5 Cross-Cutting Requirements

5.1 Requirements

The Cross-cutting requirements described in this section are an extension of the cross-cutting requirements defined in the Security Requirements.

5.1.1 Enrollment Services (REQUIRED)

Enrollment services for a digital identity using the physical credentials of the enrollee (a human citizen subject) and the process of the Identity Building Block (see the functional requirements for Identity in the Identity Building Block Specification). A feature for invalidating, locking or disenrollment/revocation of the digital identity shall also be provided as a response measure to both human citizen subjects leaving the system and responding to security breaches encountered. Digital certificate or verifiable credential enrollment must be provided by the solution but is not required for every human citizen subject (see below). Notes:

• It is anticipated that the Identity Building Block will call this feature either directly via API or indirectly via the IAM features of the Security Building Block for users electing to use an eID consisting of certificates as a part of the account provisioning process. The digital identity will then be stored with the physical ID records in the Identity Building Block and sent to the new user via secure means (probably installed on their device).
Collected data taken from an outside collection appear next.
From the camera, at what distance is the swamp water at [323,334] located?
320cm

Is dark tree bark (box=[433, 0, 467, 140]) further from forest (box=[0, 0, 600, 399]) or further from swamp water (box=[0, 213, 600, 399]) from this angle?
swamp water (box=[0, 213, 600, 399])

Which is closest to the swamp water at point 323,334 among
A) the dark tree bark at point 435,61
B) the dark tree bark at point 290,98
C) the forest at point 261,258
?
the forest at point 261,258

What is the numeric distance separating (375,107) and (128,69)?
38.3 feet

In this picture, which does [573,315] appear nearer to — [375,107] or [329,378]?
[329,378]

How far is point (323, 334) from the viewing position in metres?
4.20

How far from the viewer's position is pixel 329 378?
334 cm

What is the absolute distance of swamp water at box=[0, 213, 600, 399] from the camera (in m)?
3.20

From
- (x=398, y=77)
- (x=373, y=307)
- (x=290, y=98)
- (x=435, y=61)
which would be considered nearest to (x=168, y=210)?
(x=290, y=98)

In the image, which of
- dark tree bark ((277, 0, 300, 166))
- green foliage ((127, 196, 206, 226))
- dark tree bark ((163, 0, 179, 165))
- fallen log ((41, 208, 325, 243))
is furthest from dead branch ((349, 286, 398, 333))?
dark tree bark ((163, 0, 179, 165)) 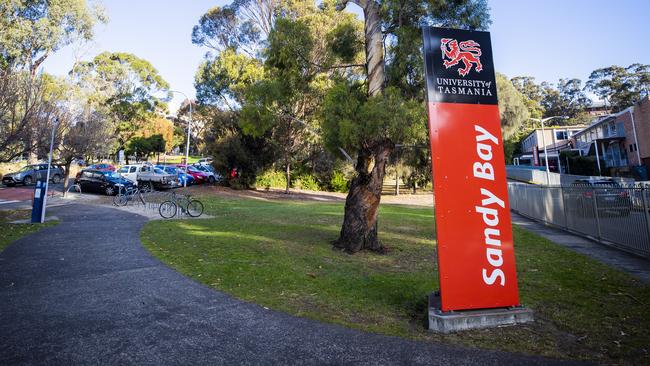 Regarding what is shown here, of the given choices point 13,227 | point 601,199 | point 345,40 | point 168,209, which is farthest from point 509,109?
point 13,227

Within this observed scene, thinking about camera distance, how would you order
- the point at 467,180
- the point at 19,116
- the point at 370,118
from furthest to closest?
the point at 19,116 → the point at 370,118 → the point at 467,180

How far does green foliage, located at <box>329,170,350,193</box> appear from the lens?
34.0 metres

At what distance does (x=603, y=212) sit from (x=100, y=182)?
25539 millimetres

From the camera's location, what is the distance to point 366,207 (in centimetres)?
904

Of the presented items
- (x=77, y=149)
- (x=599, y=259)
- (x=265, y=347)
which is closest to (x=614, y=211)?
(x=599, y=259)

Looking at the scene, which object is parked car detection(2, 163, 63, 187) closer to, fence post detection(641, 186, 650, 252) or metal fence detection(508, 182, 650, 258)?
metal fence detection(508, 182, 650, 258)

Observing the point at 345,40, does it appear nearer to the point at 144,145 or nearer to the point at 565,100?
the point at 144,145

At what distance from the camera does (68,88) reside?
109 feet

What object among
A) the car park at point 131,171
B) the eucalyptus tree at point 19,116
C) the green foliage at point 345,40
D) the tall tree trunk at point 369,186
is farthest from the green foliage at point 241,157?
the tall tree trunk at point 369,186

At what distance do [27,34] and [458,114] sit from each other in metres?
36.2

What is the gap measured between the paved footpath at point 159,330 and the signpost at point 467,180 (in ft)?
2.50

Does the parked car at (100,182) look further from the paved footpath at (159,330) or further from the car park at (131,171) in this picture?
the paved footpath at (159,330)

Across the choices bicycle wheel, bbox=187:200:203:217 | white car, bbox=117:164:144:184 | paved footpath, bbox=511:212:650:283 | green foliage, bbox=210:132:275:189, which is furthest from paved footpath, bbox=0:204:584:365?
white car, bbox=117:164:144:184

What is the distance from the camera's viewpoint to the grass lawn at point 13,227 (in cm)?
962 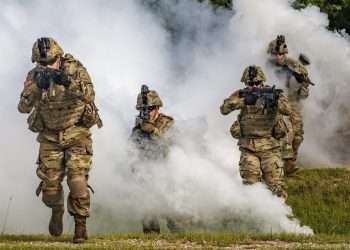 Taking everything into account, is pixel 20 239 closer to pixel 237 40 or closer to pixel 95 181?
pixel 95 181

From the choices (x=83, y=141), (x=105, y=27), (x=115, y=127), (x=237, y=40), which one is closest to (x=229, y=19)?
(x=237, y=40)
• Simple numerical eIDs will also be supported for human citizen subjects as an option where users are unable to leverage certificates-based eIDs. The requirements governing this are to be stipulated by the Identity Building Block (see the Identity Building Block Definition).

• Third-party organizations and internal subjects (both human and non-human) must be issued valid signed digital certificates in order to establish and maintain secure inter-organization and internal communications.

5.1.2 Multi-Factor Authentication (REQUIRED)

The overall solution suite shall also be able to implement multi-factor authentication using simple numeric eIDs for human citizen subjects such as their tax file or social security number of the user.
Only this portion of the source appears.